▶ **RECORDS FOR PROCESSING**
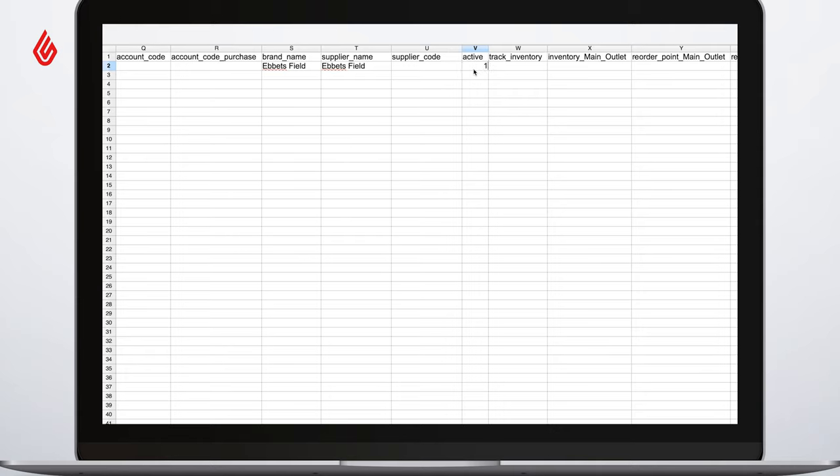The active and track inventory fields are very important. They are binary fields, so you would add a 1 for yes and 0 for no. Active will mean the product is sellable from the moment you add it to your system, and track inventory will focus on physical product inventory management rather than a service you offer which obviously wouldn't need any tracking.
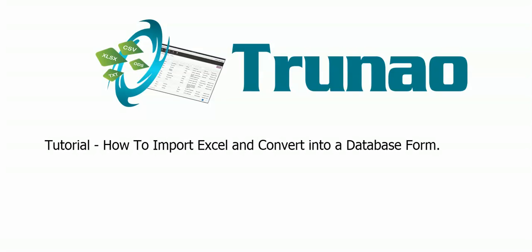Hello and welcome to a tutorial on truenow.com. My name is Chaitanya and today we're going to talk about how to import Excel and convert it into a database form. We're also going to cover some features that are part of the initial offering by default. Let's begin.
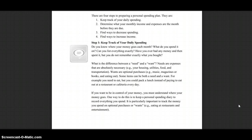Step 1: Keep track of your daily spending. Do you know where your money goes each month? What do you spend it on? Can you list everything? Have you ever had money and then spent it but don't remember exactly what you bought? Needs are expenses that are absolutely necessary — like your house, utilities (which means electric so your lights come on), water, and heat so you stay warm in this cold Pennsylvania winter.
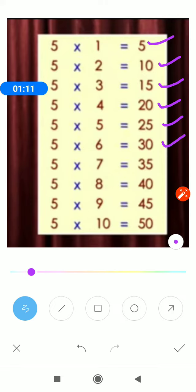5 7s are 35. 5 8s are 40. 5 9s are 45. 5 10s are 50.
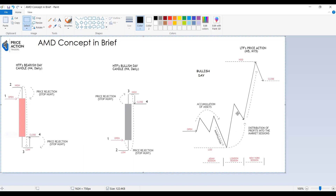Distribution happens from the London open into the opposite after the stop hunt or manipulation into the low of the day. The New York open session could be a reversal or a continuation — it's either a continuation of the London move or the opposite of it. So if the swing high has been taken out, price moves down to collect the London low and closes somewhere here.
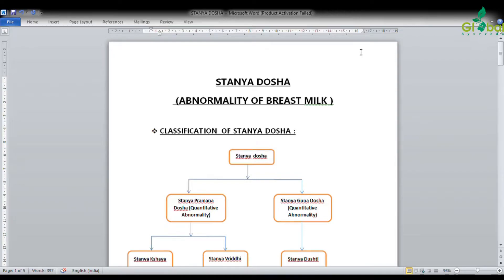The classification of Stanya Dosha: Stanya Dosha is related to quantitative abnormality of breast milk, and Stanya Dushti is related to qualitative abnormality. In quantitative abnormality there are two types: Stanya Shaya and Stanya Vruddhi. In qualitative abnormality there is Stanya Dushti.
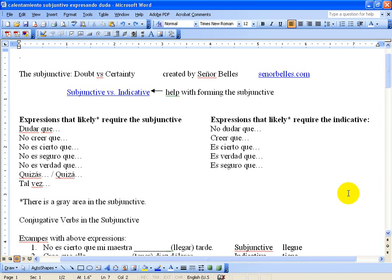Hola, buenos días. In this video we're going to talk about the subjunctive. So we're going to talk some more about the subjunctive in this video. I do have probably several videos on this topic, just the subjunctive in general, but this one I'm really tailoring to my Spanish 3 class, specifically looking at using the subjunctive and having to decide between doubt and certainty.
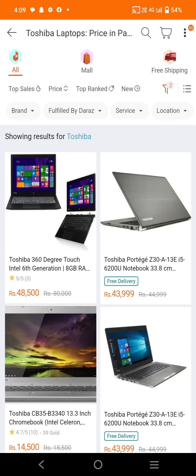First of all, we have the Toshiba 360-degree touch laptop with Intel 6th generation processor and 8GB RAM. The price is 48,500 PKR.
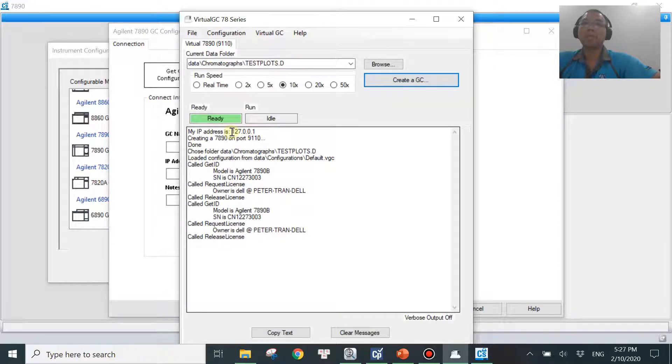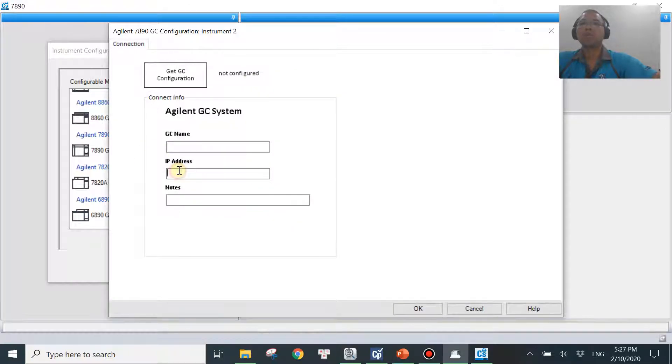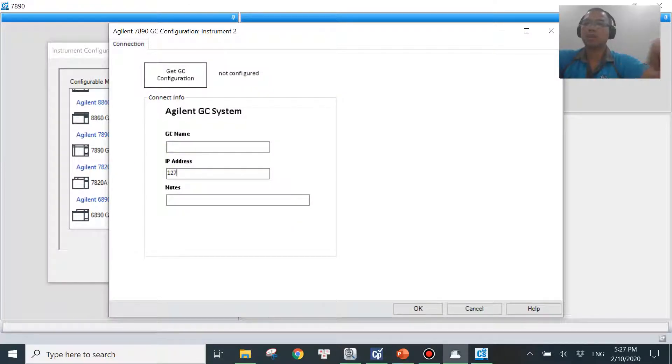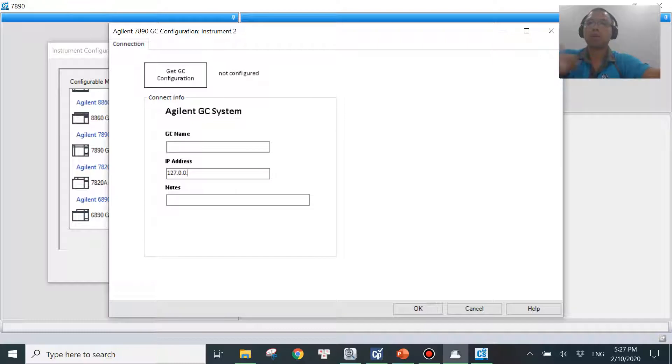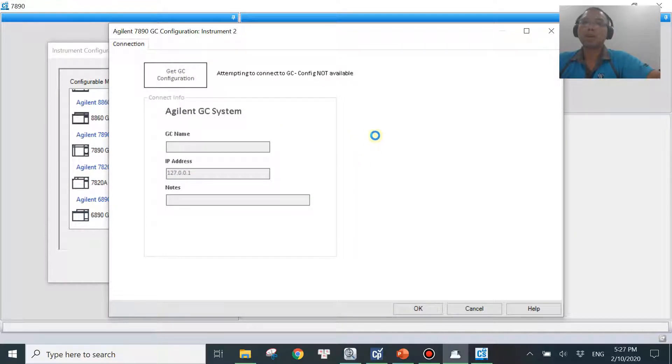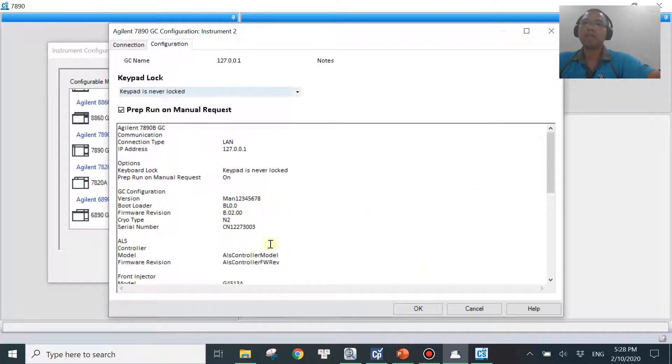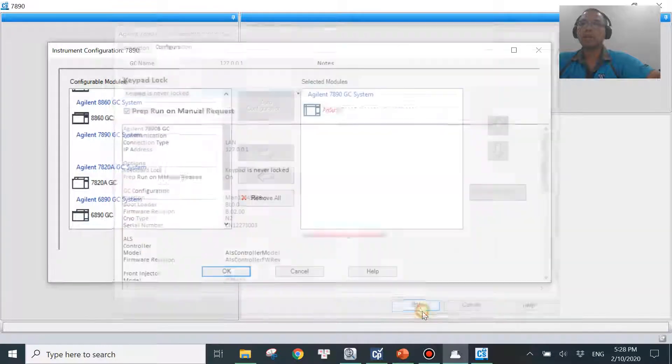But I do have the IP address here. 127.0.0.1. What I'm going to do, I will key in that IP address over here. .0.0.1. Right. Then you will hit the get GC configuration to make sure that the communication is back. Give it a few seconds. So once it's okay, then you will see the configuration will appear over here. Then you just hit okay.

▶ **PROBLEM TO SOLVE**
Omitting the pictures, write out the material above exactly as it stands.

▶ **REPLY TO THE EXERCISE**
The active and track inventory fields are very important. They are binary fields, so you would add a 1 for yes and 0 for no. Active will mean the product is sellable from the moment you add it to your system, and track inventory will focus on physical product inventory management rather than a service you offer which obviously wouldn't need any tracking.
Hello and welcome to a tutorial on truenow.com. My name is Chaitanya and today we're going to talk about how to import Excel and convert it into a database form. We're also going to cover some features that are part of the initial offering by default. Let's begin.
Step 1: Keep track of your daily spending. Do you know where your money goes each month? What do you spend it on? Can you list everything? Have you ever had money and then spent it but don't remember exactly what you bought? Needs are expenses that are absolutely necessary — like your house, utilities (which means electric so your lights come on), water, and heat so you stay warm in this cold Pennsylvania winter.
5 7s are 35. 5 8s are 40. 5 9s are 45. 5 10s are 50.
Distribution happens from the London open into the opposite after the stop hunt or manipulation into the low of the day. The New York open session could be a reversal or a continuation — it's either a continuation of the London move or the opposite of it. So if the swing high has been taken out, price moves down to collect the London low and closes somewhere here.
The classification of Stanya Dosha: Stanya Dosha is related to quantitative abnormality of breast milk, and Stanya Dushti is related to qualitative abnormality. In quantitative abnormality there are two types: Stanya Shaya and Stanya Vruddhi. In qualitative abnormality there is Stanya Dushti.
Hola, buenos días. In this video we're going to talk about the subjunctive. So we're going to talk some more about the subjunctive in this video. I do have probably several videos on this topic, just the subjunctive in general, but this one I'm really tailoring to my Spanish 3 class, specifically looking at using the subjunctive and having to decide between doubt and certainty.
First of all, we have the Toshiba 360-degree touch laptop with Intel 6th generation processor and 8GB RAM. The price is 48,500 PKR.
But I do have the IP address here. 127.0.0.1. What I'm going to do, I will key in that IP address over here. .0.0.1. Right. Then you will hit the get GC configuration to make sure that the communication is back. Give it a few seconds. So once it's okay, then you will see the configuration will appear over here. Then you just hit okay.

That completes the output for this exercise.